Зато слава драматурга из Стратфорда, на тихие улочки которого приводит нас писатель, слава неподдельная и никем не навязанная векам, выражает подлинное торжество бесконечной человеческой памяти — быть может, аналога бессмертия.
Среди многих мудрых изречений о смерти, найденных Ийешем на страницах старинных книг, мы не нашли одного, которое кажется важным, поскольку имеет прямое отношение и к нашему автору. Это слова Канта: «Смерти меньше всего боятся люди, чья жизнь имеет наибольшую цену».
Жить, творить, работать со всей энергией души до последнего своего часа значит победить старость и избежать пароксизмов постыдного страха смерти.
Интонация прозы Ийеша подкупает своей естественностью: он остроумен, но не пускает пыль в глаза, понятен, но избегает разжевывать.
Легко призывать художника сказать «всю правду». Для этого надо по меньшей мере ее знать. Ийеш не выдает себя за пророка, но не устает узнавать. Он не устает и перепроверять узнанное, боясь застыть в рутине однажды принятых на веру понятий. Доктринерство претит ему. В том, что он пишет, всегда есть вопрос и объем живой жизни. При всей страстности речи мысль автора не вытягивается в тощий шнурочек морали, тем более если это крупные масштабом мысли: о народе, национальном самосознании, о долге писателя, о жизни и о смерти. Внутренняя свобода художника заразительно действует на читателя.

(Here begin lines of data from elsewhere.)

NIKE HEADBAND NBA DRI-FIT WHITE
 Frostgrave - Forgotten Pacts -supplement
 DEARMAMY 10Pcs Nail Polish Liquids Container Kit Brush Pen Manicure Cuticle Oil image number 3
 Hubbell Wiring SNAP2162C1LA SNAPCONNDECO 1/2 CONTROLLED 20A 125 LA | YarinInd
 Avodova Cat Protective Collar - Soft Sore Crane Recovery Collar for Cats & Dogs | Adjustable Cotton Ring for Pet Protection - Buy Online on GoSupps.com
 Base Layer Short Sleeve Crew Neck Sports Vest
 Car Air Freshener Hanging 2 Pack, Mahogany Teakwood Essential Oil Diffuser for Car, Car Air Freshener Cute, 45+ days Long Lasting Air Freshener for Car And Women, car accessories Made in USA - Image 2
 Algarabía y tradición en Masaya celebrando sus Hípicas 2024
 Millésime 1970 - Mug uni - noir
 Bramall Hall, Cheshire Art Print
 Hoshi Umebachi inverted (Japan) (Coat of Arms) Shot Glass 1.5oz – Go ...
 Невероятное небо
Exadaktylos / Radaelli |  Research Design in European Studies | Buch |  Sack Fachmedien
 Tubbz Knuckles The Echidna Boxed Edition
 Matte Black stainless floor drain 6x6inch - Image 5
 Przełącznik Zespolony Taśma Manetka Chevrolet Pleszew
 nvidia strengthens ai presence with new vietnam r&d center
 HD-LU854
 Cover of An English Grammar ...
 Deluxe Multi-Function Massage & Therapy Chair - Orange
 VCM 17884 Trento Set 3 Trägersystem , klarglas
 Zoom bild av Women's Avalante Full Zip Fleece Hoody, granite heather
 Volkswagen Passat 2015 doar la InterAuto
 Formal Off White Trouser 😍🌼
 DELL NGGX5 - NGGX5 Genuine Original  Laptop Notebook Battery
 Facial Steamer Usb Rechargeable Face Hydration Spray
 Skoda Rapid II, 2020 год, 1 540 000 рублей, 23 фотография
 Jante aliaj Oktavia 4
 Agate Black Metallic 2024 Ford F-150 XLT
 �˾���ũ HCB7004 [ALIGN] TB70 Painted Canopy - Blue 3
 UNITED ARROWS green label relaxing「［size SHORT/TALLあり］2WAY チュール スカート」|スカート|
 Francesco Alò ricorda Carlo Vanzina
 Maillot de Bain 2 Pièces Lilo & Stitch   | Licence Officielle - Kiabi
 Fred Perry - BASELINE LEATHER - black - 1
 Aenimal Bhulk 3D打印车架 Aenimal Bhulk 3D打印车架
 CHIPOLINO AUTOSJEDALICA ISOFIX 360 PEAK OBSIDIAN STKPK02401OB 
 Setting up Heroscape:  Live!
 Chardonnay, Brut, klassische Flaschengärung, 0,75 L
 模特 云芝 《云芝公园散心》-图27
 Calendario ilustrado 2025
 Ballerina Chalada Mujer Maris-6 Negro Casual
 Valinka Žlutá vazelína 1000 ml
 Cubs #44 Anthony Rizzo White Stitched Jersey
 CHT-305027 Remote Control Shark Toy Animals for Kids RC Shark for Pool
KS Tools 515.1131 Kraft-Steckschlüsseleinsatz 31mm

Я уже не говорю о виртуозном обращении Ийеша со словом. В его руках это инструмент ловкий, гибкий, острый, пригодный для выражения любого оттенка мысли; фраза его живет вольно, и иногда начало ее ничем не предвещает конца, а конец парадоксально оттеняет начало.
Это можно показать буквально на любом отрывке—.вот хотя бы на этом: «В течение всей жизни руки с неизменной жадностью хватаются за неотложные дела, а шея вытянута, глаза присматриваются к делам более отдаленным, последующим, так что, если глянуть со стороны, вся фигура — под стать благородному скакуну — проникнута одним стремлением: обогнать. В течение целой жизни! И кого же? Да самого себя».